Thursday, November 24, 2005

Happy Thanksgiving

This is not really a Thanksgiving post, but I will say that I'm thankful to live in a country where the net sum of our national heroes are not just celebrated in the U.S., but in other countries as well - as this statue of Commodore Perry located in the Japanese port city of Hakodote demontrates.

I had a great time in Japan, but the trip was far too short and I did not want to return. Hokkaido was pretty cold at times, but the weather wasn't too bad. Sapporo is a tiny town (about 1.5 million) compared to the mega city that is Tokyo. It's also pretty new, which means it had a easy to navigate grid structure to the roads. Highlights? The fish and crabs were plentiful and tasty as was the beer and sake. My tongue is not so acute as to notice the difference between fish in Hokkaido and fish in the Kanto area - but Tomoe's was and she was the one that marked the trip as an eating tour. Hokkaido is also known for dairy products and chocolate and lamb. Not things you normally associate with Japan. The milk was exceedingly delicious and I made sure to have some every morning with our lunch buffet. Through the miracle of Japanese cuisine, I stuffed myself repeatedly and still lost weight.

Sapporo has a lot of western influences in the architecture. I wish I'd taken more photos of some of the government buildings and Christian churches. Regardless, there were several picturesque landmarks such as this TV tower.

But you can't go to Sapporo without visiting the fish markets. Oddly, a place like the fish market below has no fish smell and a floor almost clean enough to lick - only in Japan.

Within that market were little sushi stalls.

Check out the generous serving of salmon!

I didn't get any pictures of the breweries there, but here's a diagram of the sake making process found at the Sake Musuem (which was not really a museum so much as a store).

Hokodate is a much smaller town towards the southern tip of Hokkaido - but well worth a visit because of a lot of little museums, convenient street cars and historic buildings (again, with a western influence) like this government building

Not the best of pictures, but you get the idea. There's also the Goryaku, a large western style fort built at the time of the Meiji revolution (1860s) - which we did not have time to visit. Photo from this site.

We took a tour of the harbor and I was pleased to see signs of Japanese military vessels like this destroyer.

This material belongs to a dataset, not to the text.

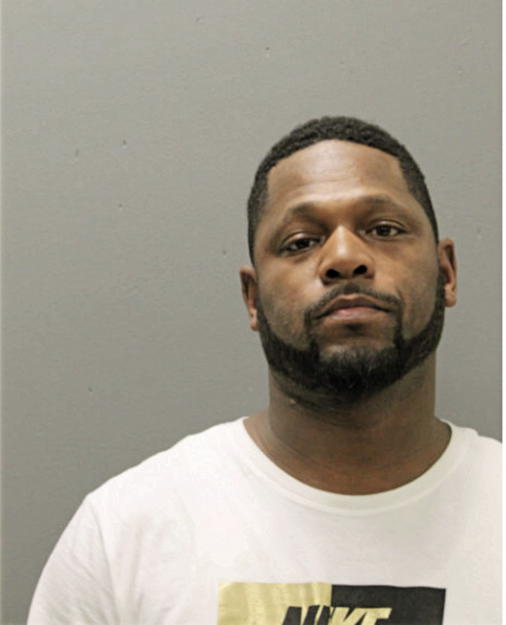 DARIUS L WILLIAMS, Cook County, Illinois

And this Coast Guard vessel, which, according to the guide on the ship, routinely plays cat and mouse with N. Korean vessels in the area. This is actually the larger of two vessels which lends helicopter support to the smaller one (not shown).

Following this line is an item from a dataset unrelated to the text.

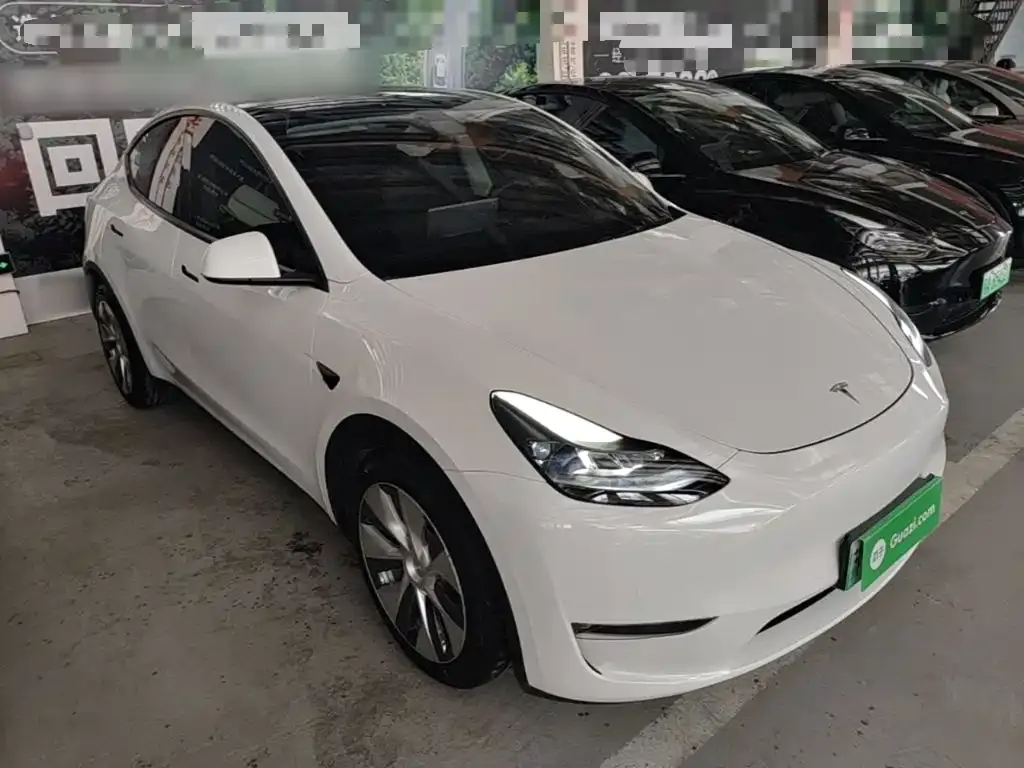 Tesla Model Y — фото 4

The rest of the trip was spent in Tokyo & unfortunately I didn't get very many sightseeing pictures from there. But I did get plenty of photos of Tomoe's two nephews - who where not the least bit afraid of the ugly pink-skinned monster.

1 comment:

Anonymous said...

Although I saw these photos and heard the stories first hand, it's great to see the pics again and wish I could get over there sometime soon.